Value investing was described in Ben Graham and David Dodd’s book Security Analysis in 1934. It was popularized by Warren Buffet. The purpose of this post is to address the question does value investing work.
What is value investing
Value investing is the belief that assets have an intrinsic value. This intrinsic or natural value of an asset can be approximated by its book value. Book value is the accounting value, that is the price of the asset at purchase depreciated for time. If you buy a computer for 1,000 dollars and it has a life of five years and uses straight-line depreciation in year two the asset is worth 800 dollars. The Book value is 800 dollars. This is clear. The theory is the market value should hold pretty close to book value. This is particularly true if you aggregate the assets for a company as a whole. It is also known as cost investing.

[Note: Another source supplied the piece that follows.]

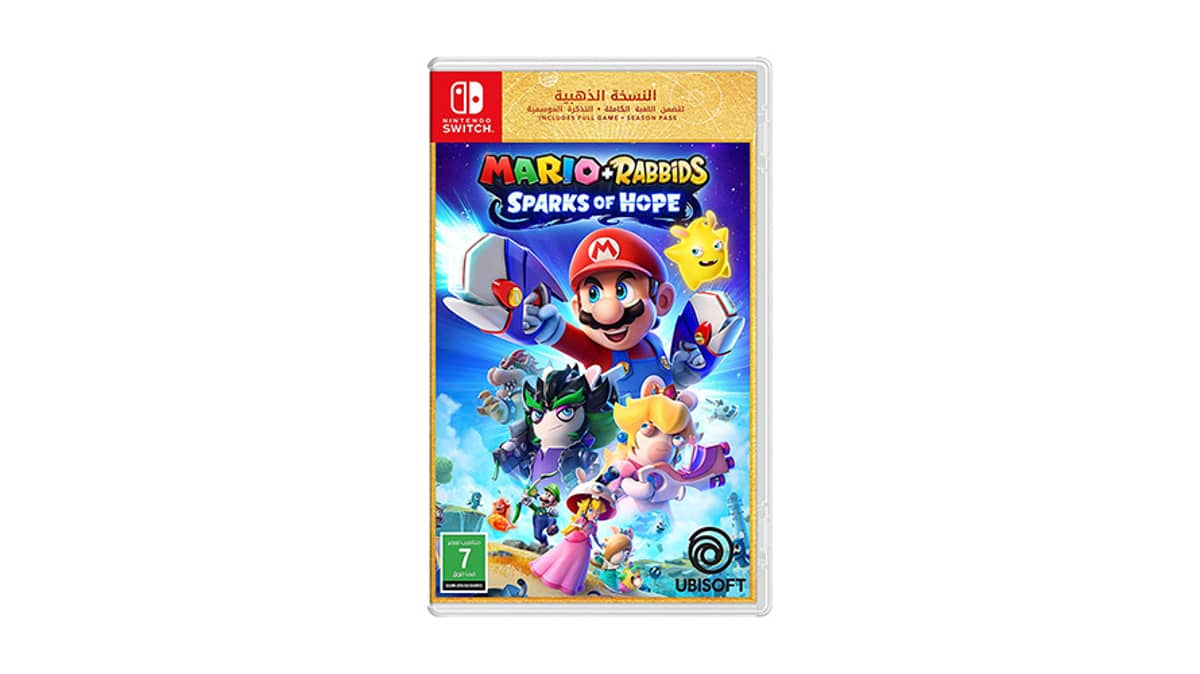 buy mariorabbids-sparks-of-hope-gold-edition-nintendo-switch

Value investing also considers the present value of all future cash flows of an asset. This is called the discounted cash flow model or DCF. If you have a machine that will produce revenue over the next five years, what is the value of that income stream in today’s dollars considering the time value of money? This is factored into the equation.
Book value investing vs. value investing
Price to Book Value is the classic ratio to look at if you are a book value investor. However, the term value investor has a broader meaning and these people are looking at other things like P/E or price to earnings. Price to cash flow is also used. See the term value investing is loosely applied to many different strategies of investing. Some people even call contrarian investing a form of value investing.
In a general sense value investing is identifying stocks which have a price lower than the instinct value as described above or with some other measure. Book value investors have a greater emphasis on the accounting value of the company.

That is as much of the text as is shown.